Ah---the audacity and extravagance of an automobile display on the second floor--behind the two guys on the outside ledge of the building! That MUST have been impressive to buyers with all that modern glass window area encircling the car sitting at the corner of the room, especially in 1915.

[That's a different business on the second floor. The lettering on the window says Springfield Metal Body Co. - Dave]


Only the police department's initials were rearranged. The fire department is still known as FDNY. What's interesting to me is that these vehicles were not required to display state-issued license plates (fire vehicles still aren't), and that in January 1915, 1914 plates are still valid.

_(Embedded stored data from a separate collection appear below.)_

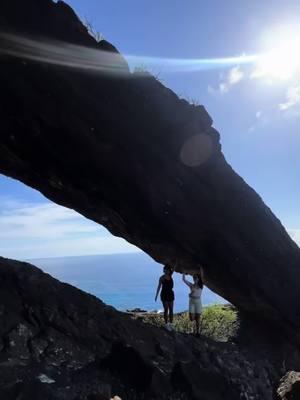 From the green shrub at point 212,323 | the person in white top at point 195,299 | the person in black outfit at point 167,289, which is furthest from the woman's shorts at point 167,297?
the green shrub at point 212,323

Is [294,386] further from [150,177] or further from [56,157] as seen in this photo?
[56,157]

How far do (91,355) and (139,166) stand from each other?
582 cm

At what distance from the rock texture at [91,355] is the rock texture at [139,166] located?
9.86 ft

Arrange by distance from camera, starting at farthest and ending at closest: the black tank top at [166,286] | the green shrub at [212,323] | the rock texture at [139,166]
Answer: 1. the green shrub at [212,323]
2. the black tank top at [166,286]
3. the rock texture at [139,166]

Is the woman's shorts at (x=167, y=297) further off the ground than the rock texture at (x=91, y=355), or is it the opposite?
the woman's shorts at (x=167, y=297)

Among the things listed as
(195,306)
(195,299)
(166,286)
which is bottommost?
(195,306)

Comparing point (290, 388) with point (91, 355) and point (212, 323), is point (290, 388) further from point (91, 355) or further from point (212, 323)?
point (91, 355)

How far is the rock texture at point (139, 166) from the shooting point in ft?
41.0

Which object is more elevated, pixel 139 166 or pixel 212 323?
pixel 139 166

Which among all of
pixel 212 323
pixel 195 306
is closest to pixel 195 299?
pixel 195 306

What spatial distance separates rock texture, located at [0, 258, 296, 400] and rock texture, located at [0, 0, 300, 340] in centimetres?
301

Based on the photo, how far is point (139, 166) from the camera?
46.0ft

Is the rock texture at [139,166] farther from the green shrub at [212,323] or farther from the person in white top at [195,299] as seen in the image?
the green shrub at [212,323]

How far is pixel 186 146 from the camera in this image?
14.5 metres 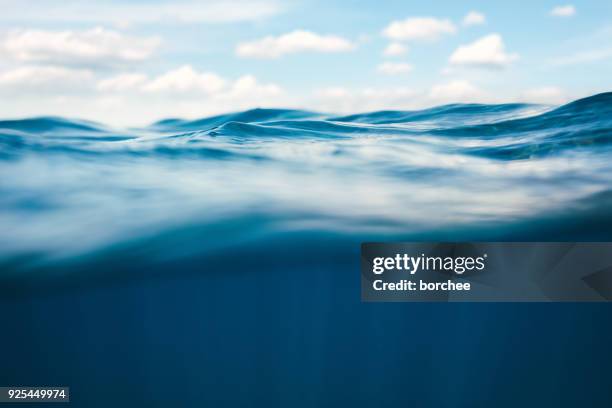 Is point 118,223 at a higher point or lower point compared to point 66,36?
lower

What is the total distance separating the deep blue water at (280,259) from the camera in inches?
227

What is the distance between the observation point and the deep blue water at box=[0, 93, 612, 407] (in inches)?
227

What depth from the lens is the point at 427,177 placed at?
5.98m

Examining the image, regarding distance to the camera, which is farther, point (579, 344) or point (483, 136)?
point (483, 136)

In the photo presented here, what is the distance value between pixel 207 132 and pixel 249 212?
3.50ft

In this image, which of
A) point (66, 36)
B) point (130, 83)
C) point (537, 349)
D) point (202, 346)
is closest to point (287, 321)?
point (202, 346)

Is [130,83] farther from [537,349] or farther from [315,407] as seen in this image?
[537,349]

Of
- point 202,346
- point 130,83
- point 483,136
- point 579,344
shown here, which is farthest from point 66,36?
point 579,344

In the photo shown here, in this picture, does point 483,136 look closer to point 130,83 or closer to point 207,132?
point 207,132

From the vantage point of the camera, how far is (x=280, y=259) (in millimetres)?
6188

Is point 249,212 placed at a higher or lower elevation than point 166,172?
lower

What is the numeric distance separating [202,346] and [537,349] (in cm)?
345

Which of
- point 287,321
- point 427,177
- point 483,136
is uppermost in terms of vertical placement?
point 483,136

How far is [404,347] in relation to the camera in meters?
5.89
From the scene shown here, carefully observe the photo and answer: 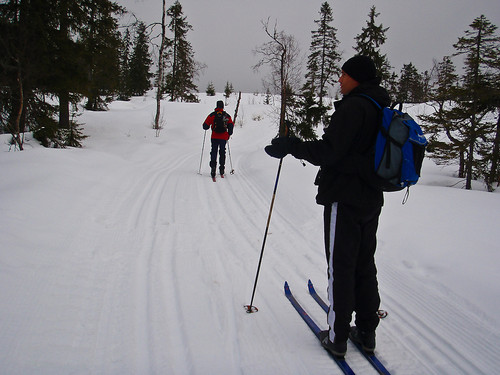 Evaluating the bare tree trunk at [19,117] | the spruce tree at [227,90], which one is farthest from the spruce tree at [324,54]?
the bare tree trunk at [19,117]

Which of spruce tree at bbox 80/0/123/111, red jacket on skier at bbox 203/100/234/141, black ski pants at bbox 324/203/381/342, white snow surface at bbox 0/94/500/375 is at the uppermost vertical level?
spruce tree at bbox 80/0/123/111

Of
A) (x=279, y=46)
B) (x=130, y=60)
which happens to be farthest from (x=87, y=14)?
(x=130, y=60)

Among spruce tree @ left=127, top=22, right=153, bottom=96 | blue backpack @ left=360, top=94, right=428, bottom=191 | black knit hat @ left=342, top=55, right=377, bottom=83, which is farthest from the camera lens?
spruce tree @ left=127, top=22, right=153, bottom=96

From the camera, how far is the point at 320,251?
4328mm

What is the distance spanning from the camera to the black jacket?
2.01 m

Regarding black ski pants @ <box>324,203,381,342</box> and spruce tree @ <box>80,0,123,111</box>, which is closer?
black ski pants @ <box>324,203,381,342</box>

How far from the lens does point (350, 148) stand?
2107 mm

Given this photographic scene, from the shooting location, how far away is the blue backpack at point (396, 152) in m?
1.93

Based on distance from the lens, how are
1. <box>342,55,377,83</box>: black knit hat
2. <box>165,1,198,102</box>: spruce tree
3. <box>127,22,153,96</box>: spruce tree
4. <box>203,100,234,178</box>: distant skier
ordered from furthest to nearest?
<box>127,22,153,96</box>: spruce tree
<box>165,1,198,102</box>: spruce tree
<box>203,100,234,178</box>: distant skier
<box>342,55,377,83</box>: black knit hat

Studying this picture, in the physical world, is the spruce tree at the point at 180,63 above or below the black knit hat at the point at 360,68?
above

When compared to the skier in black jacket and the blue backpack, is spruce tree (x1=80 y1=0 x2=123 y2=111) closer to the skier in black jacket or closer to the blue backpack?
the skier in black jacket

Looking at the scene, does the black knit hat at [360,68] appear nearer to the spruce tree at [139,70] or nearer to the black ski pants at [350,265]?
the black ski pants at [350,265]

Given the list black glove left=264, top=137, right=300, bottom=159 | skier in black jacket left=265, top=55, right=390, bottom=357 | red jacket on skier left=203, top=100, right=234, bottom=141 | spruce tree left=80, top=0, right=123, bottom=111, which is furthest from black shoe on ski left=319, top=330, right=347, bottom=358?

That's 57th St. and 8th Ave. looking SE

[This is Broadway at West 55th. If you're using the current Fisk Building at 250 West 57th as a landmark, it hadn't been built yet. - Dave]


Interestingly, the small vehicle facing us to the left of the mounted cop bears the markings "PDNY" (I suppose Police Department of New York) rather than the modern common acronym of "NYPD." Also, the wide vehicle with its back to us in the foreground has an "FDNY" (Fire Department of New York) license plate. I wonder when they changed those abbreviations and why? Perhaps as an image refresher after some sort of scandal.

Window Ledge

Click on View Full Size. See the two guys standing on the window ledge ? What a photo !! And the cars !! Great photo !!

Fisk Building

You'll see the sign "Fisk Tires." That's the Fisk Building, still there, although the ground floor now holds a Duane Reade.

[The is the old Fisk building at West 55th and Broadway. The current Fisk Building, at 250 West 57th, hadn't been built yet. It was completed in 1921. - Dave]


I find it interesting that this photo is filled with automobiles and no horse-drawn vehicles, while the "Death Avenue" photos, taken just 4 years earlier, contains the opposite. Roughly the same locale - West side of Manhattan - although one looks more industrial and the other more commercial. Still, quite a change in 4 years!